Finite-time fluctuation theorem for oscillatory lattices driven by a temperature gradient.

Abstract

The finite-time fluctuation theorem (FT) for the master functional, total entropy production, and medium entropy is studied in the one-dimensional Fermi-Pasta-Ulam-Tsingou-β (FPUT-β) chain coupled with two heat reservoirs at different temperatures. Through numerical simulations and theoretical analysis, we find that the nonequilibrium steady-state distribution of the one-dimensional FPUT-β chain violates the time-reversal symmetry. Thus, unlike the master functional, the total entropy production fails to satisfy the fluctuation relation for finite time. Meanwhile, we discuss the range of medium entropy production which obeys the conventional steady-state fluctuation theorem (SSFT) in the infinite time limit.

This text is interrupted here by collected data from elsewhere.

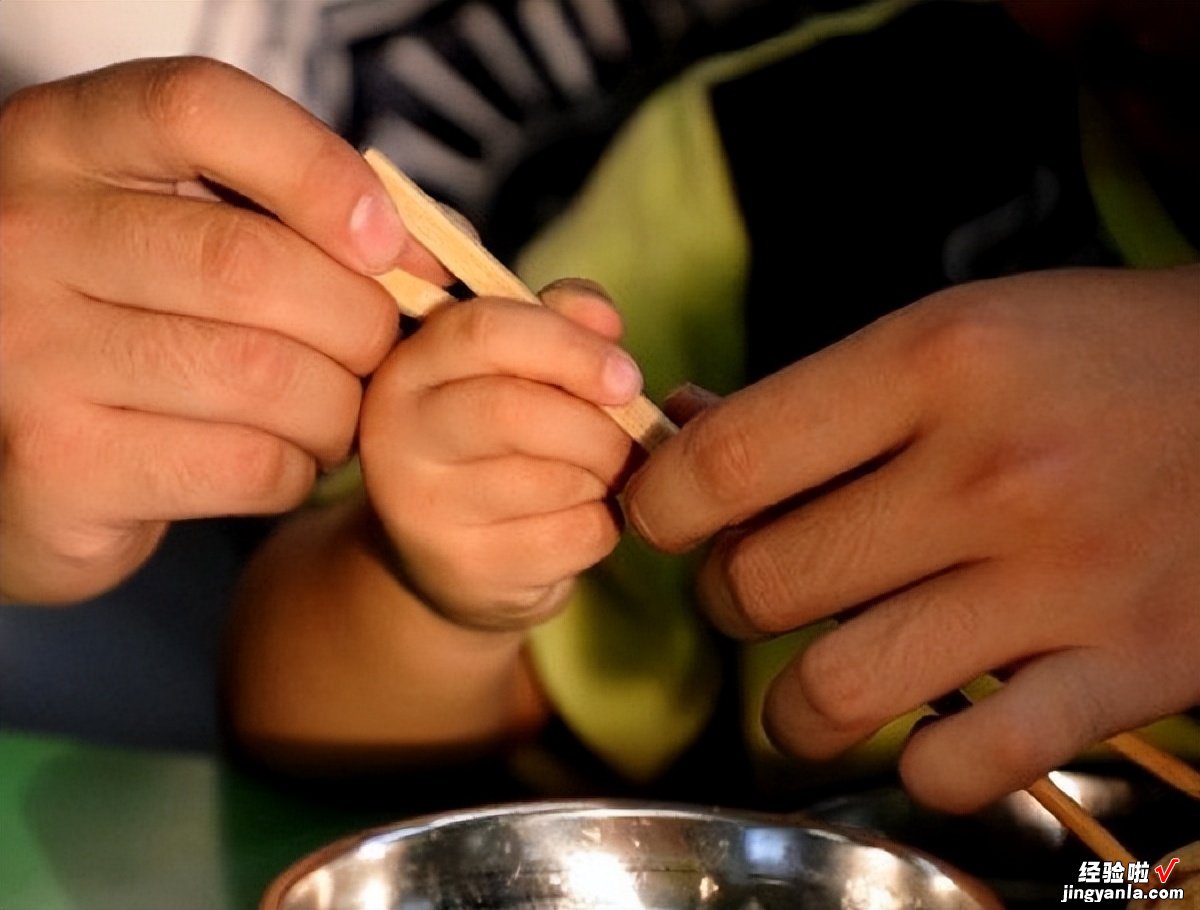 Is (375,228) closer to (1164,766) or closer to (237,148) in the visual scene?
(237,148)

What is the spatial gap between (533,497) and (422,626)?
12 cm

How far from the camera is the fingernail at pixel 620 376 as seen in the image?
456 mm

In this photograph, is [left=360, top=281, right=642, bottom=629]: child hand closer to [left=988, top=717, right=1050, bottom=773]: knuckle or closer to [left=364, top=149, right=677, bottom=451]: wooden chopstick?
[left=364, top=149, right=677, bottom=451]: wooden chopstick

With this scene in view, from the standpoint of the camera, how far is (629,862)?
18.8 inches

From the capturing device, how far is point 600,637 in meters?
0.68

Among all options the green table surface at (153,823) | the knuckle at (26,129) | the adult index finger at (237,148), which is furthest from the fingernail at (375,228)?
the green table surface at (153,823)

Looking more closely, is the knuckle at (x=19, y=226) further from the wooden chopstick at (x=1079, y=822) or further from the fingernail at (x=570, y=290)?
the wooden chopstick at (x=1079, y=822)

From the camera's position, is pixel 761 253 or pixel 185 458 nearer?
pixel 185 458

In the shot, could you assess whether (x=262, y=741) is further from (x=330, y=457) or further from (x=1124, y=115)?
(x=1124, y=115)

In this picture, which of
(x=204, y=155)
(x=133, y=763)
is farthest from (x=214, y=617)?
(x=204, y=155)

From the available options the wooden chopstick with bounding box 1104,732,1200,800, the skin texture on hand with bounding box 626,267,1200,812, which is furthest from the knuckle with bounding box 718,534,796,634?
the wooden chopstick with bounding box 1104,732,1200,800

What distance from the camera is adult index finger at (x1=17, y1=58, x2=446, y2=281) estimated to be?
44 cm

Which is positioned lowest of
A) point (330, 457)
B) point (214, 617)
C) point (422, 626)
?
point (214, 617)

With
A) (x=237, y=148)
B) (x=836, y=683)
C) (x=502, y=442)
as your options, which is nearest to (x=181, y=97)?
(x=237, y=148) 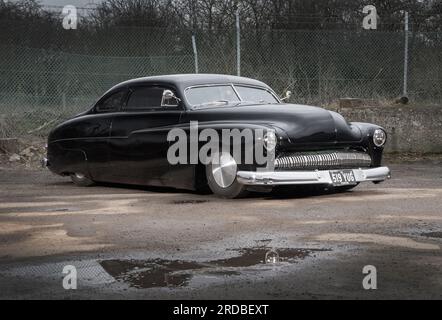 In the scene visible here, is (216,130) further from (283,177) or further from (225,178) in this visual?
(283,177)

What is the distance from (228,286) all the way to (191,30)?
12.2 meters

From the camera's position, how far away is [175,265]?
5445 mm

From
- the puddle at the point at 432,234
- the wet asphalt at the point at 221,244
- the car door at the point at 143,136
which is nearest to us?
the wet asphalt at the point at 221,244

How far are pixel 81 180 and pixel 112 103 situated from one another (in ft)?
3.95

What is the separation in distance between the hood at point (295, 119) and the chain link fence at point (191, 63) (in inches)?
265

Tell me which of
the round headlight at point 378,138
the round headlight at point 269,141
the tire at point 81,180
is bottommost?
the tire at point 81,180

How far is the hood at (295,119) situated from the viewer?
29.4 ft

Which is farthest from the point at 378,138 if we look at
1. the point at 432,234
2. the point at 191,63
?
the point at 191,63

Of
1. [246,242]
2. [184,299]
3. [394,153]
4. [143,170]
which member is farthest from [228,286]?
[394,153]

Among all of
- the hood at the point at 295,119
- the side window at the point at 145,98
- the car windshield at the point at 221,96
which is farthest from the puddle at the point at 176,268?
the side window at the point at 145,98

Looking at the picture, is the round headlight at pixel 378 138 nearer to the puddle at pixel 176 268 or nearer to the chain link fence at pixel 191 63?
the puddle at pixel 176 268

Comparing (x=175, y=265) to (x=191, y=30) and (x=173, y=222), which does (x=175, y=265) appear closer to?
(x=173, y=222)

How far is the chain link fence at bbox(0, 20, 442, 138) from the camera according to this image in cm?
1625

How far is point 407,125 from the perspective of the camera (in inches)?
623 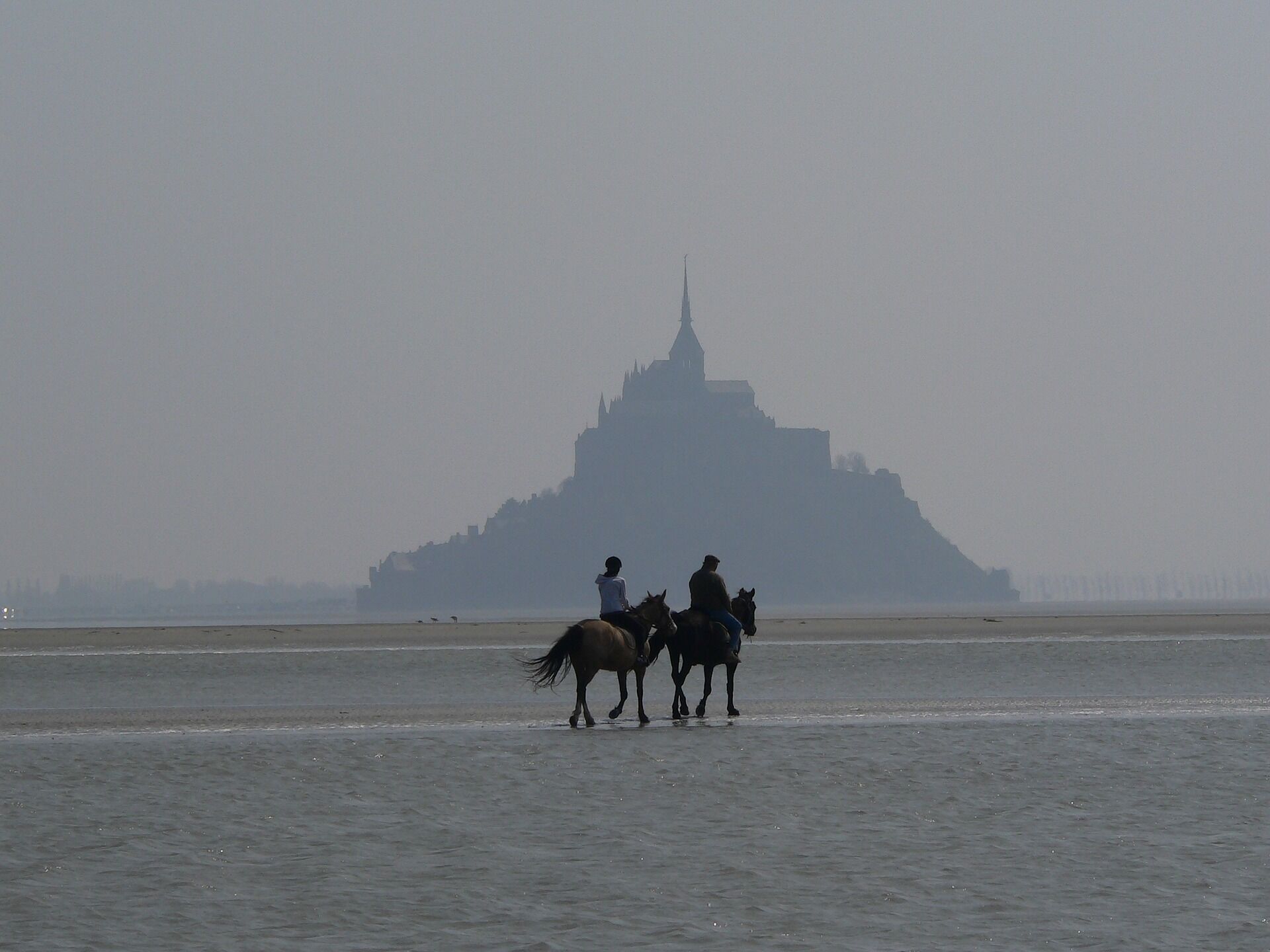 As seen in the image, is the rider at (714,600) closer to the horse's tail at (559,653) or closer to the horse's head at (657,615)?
the horse's head at (657,615)

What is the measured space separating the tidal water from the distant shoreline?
30.8 meters

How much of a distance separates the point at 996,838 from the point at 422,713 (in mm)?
14044

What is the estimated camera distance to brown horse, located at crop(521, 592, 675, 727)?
22297mm

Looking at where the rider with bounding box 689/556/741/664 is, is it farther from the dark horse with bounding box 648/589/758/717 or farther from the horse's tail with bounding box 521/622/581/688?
the horse's tail with bounding box 521/622/581/688

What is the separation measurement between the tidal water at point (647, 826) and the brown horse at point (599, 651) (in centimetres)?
67

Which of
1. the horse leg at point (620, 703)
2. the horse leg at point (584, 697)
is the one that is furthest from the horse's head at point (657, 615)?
the horse leg at point (584, 697)

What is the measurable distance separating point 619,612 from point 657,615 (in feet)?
1.84

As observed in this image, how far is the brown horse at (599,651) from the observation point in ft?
73.2

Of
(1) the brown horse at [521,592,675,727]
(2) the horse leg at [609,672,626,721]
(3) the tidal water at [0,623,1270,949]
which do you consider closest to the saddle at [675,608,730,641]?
(1) the brown horse at [521,592,675,727]

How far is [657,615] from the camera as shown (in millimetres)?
23672

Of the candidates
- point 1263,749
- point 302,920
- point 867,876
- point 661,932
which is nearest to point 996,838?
point 867,876

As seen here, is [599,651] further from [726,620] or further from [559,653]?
[726,620]

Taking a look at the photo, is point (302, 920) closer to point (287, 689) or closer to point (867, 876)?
point (867, 876)

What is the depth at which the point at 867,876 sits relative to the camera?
41.0 feet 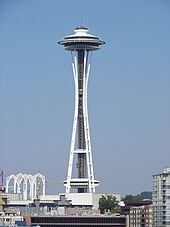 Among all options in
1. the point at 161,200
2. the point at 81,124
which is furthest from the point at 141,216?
the point at 81,124

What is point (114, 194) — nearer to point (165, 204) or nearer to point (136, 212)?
point (136, 212)

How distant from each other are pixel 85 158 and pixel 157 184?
63.3m

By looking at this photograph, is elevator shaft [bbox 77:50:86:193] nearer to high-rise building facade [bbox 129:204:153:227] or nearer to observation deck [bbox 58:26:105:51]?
observation deck [bbox 58:26:105:51]

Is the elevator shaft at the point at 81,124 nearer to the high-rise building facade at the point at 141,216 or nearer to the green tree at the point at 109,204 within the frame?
the green tree at the point at 109,204

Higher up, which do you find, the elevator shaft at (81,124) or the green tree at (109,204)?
the elevator shaft at (81,124)

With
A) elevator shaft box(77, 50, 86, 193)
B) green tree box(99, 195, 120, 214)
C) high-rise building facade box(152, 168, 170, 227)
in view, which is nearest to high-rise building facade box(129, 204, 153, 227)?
high-rise building facade box(152, 168, 170, 227)

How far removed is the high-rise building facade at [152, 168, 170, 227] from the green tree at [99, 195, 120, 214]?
4322cm

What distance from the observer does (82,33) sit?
17200 centimetres

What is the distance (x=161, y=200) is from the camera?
348 feet

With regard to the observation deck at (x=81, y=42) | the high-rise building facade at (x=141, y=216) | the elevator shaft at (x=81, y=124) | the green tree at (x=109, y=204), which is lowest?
the high-rise building facade at (x=141, y=216)

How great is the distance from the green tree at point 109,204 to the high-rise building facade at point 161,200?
43223 mm

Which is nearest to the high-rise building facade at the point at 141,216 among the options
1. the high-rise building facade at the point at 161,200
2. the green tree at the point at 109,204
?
→ the high-rise building facade at the point at 161,200

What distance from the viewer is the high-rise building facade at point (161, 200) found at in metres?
105

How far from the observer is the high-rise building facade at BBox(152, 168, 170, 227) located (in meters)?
105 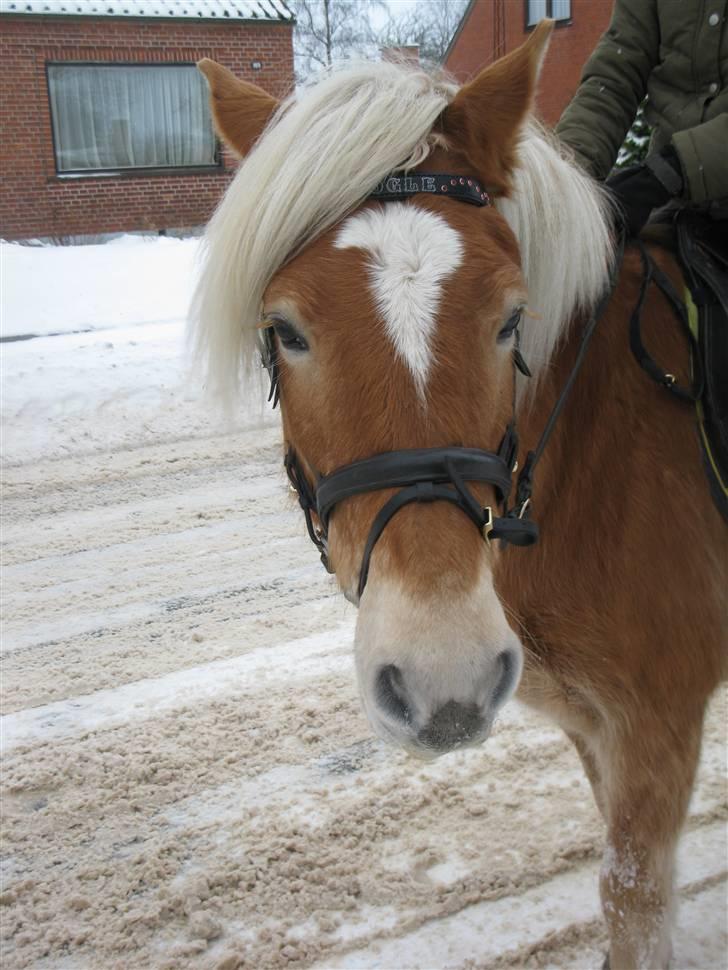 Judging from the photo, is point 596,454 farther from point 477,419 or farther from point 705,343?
point 477,419

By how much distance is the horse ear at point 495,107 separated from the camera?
1.73 metres

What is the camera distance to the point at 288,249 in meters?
1.66

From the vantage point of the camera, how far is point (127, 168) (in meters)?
13.9

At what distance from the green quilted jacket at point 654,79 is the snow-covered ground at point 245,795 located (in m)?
1.36

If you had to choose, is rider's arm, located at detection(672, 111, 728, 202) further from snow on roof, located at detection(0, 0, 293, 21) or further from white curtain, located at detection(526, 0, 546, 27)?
white curtain, located at detection(526, 0, 546, 27)

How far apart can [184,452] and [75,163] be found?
32.0 feet

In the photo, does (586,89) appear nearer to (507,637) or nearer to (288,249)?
(288,249)

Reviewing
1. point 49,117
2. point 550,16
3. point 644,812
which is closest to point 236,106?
point 644,812

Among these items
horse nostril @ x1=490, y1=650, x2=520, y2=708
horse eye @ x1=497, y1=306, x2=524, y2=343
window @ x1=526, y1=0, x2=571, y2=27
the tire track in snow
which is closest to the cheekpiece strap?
horse eye @ x1=497, y1=306, x2=524, y2=343

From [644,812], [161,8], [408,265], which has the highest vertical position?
[408,265]

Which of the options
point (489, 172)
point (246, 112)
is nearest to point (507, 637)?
point (489, 172)

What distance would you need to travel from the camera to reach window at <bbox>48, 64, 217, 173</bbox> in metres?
13.4

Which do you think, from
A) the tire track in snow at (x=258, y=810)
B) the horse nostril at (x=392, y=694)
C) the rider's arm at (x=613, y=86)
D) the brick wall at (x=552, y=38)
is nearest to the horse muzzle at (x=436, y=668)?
the horse nostril at (x=392, y=694)

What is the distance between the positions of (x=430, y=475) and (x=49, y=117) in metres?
14.0
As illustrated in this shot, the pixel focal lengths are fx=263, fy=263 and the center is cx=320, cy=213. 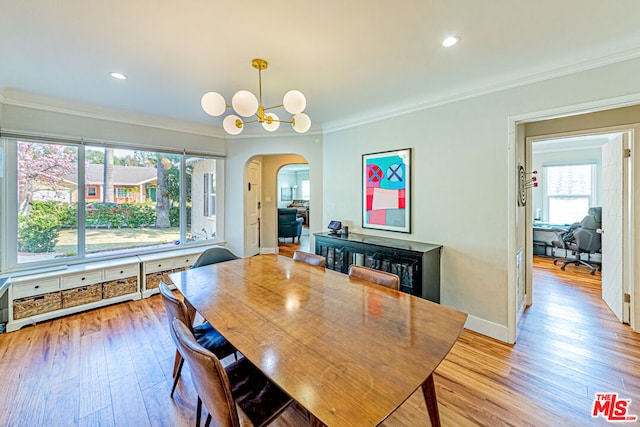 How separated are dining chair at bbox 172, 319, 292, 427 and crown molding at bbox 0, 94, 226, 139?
356cm

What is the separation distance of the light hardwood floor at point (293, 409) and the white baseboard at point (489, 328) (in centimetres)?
7

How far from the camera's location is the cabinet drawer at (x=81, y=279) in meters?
3.05

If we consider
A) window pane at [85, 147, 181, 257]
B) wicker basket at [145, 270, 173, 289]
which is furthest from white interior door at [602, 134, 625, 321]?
window pane at [85, 147, 181, 257]

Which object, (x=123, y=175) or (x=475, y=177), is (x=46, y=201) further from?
(x=475, y=177)

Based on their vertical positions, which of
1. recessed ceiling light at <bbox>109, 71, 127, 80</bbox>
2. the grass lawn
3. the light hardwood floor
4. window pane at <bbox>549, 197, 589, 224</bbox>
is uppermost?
recessed ceiling light at <bbox>109, 71, 127, 80</bbox>

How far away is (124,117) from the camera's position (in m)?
3.60

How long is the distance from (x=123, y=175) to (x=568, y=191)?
8.57m

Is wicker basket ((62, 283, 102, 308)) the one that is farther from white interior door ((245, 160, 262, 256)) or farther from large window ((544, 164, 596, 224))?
large window ((544, 164, 596, 224))

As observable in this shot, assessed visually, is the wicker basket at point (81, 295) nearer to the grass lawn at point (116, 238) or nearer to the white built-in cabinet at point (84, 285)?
the white built-in cabinet at point (84, 285)

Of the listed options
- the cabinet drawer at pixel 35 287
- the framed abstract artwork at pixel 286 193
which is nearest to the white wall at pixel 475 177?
the cabinet drawer at pixel 35 287

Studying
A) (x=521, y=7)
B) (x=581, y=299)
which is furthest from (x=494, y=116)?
(x=581, y=299)

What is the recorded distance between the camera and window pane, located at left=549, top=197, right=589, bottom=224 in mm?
5688

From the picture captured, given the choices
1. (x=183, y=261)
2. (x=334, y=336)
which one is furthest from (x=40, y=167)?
(x=334, y=336)

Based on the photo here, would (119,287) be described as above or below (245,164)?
below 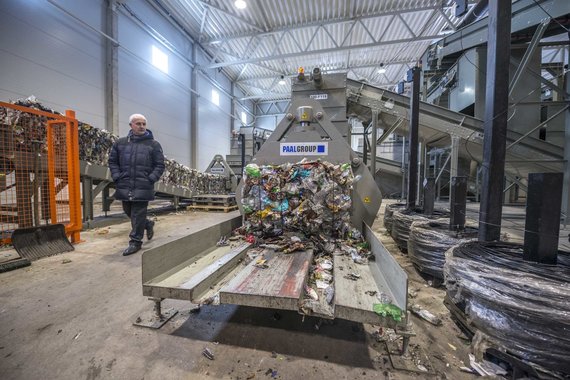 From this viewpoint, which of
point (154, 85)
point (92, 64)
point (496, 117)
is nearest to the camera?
point (496, 117)

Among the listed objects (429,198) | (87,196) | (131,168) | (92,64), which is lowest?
(87,196)

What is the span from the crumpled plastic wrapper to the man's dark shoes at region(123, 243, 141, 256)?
6.09 feet

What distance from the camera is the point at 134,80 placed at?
730 cm

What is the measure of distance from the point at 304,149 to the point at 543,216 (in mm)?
1866

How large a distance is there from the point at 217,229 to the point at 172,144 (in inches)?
320

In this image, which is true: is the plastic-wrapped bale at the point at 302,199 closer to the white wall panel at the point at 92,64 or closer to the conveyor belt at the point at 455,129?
the conveyor belt at the point at 455,129

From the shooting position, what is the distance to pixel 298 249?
200 cm

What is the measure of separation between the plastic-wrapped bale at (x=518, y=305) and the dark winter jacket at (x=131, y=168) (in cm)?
303

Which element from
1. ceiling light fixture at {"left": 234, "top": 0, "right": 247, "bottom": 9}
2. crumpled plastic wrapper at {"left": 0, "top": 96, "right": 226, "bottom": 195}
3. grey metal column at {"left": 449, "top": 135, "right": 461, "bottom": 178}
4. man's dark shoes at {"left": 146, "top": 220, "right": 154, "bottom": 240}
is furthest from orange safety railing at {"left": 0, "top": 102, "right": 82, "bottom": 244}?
grey metal column at {"left": 449, "top": 135, "right": 461, "bottom": 178}

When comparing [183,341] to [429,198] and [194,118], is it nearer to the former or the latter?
[429,198]

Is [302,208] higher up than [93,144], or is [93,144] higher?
[93,144]

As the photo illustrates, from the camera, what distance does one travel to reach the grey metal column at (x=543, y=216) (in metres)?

Furthermore, we find that the generalized SSFT for medium entropy monotonically approaches the conventional SSFT as the time interval increases, irrespective of temperature difference, anharmonicity, and system size. Interestingly, the medium entropy production rate shows a nonmonotonic variation with anharomonicity, which comes from a competition mechanism of the phonon transport. Correspondingly, the difference between the generalized SSFT and the conventional SSFT shows similar nonmonotonic behaviors.